Comparing and replacing column items pandas dataframe

I have three columns C1,C2,C3 in panda dataframe. My aim is to replace C1_i by C2_j whenever C3_i=C1_j. These are all strings. I was trying where but failed.
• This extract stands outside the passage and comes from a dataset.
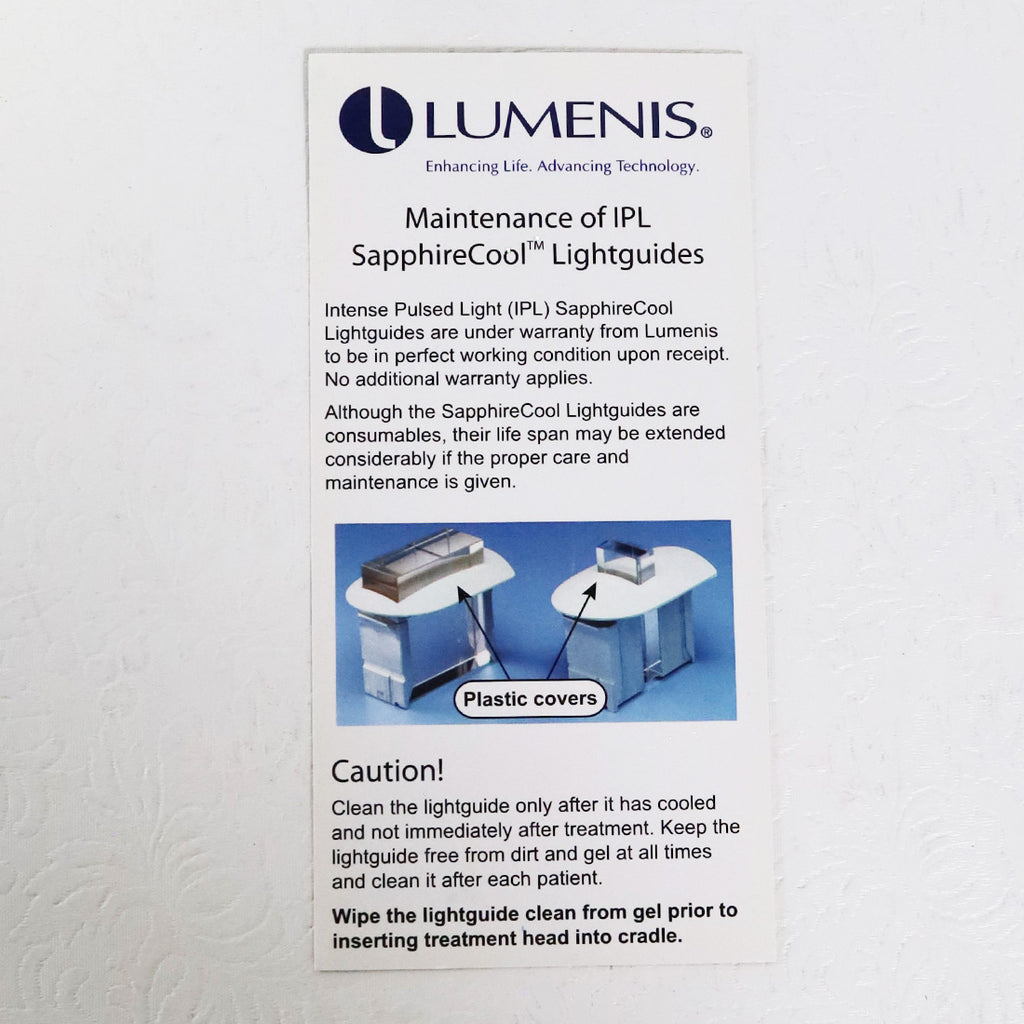 Lumenis Lightguides ExpertFilters Maintenance Operator Guides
What is a good way to do this avoiding for loop?
If my data frame is
df=pd.DataFrame({'c1': ['a', 'b', 'c'], 'c2': ['d','e','f'], 'c3': ['c', 'z', 'b']})
Then I want c3 to be replaced by ['f','z','e']
I tried this, which takes very long time.
for i in range(0,len(df)):
for j in range(0,len(df)):
if (df.iloc[i]['c1']==df.iloc[j]['c3']):
df.iloc[j]['c3']=accounts.iloc[i]['c2']
Use map by Series created by set_index:
df['c3'] = df['c3'].map(df.set_index('c1')['c2']).fillna(df['c3'])
Alternative solution with update:
df['c3'].update(df['c3'].map(df.set_index('c1')['c2']))
print (df)
c1 c2 c3
0 a d f
1 b e z
2 c f e
Example data:
dataframe = pd.DataFrame({'a':['10','4','3','40','5'], 'b':['5','4','3','2','1'], 'c':['s','d','f','g','h']})
Output:
a b c
0 10 5 s
1 4 4 d
2 3 3 f
3 40 2 g
4 5 1 h
Code:
def replace(df):
if len(dataframe[dataframe.b==df.a]) != 0:
df['a'] = dataframe[dataframe.b==df.a].c.values[0]
return df
dataframe = dataframe.apply(replace, 1)
Output:
a b c
0 1 5 0
1 2 4 0
2 0 3 0
3 4 2 0
4 5 1 0
Is it what you want?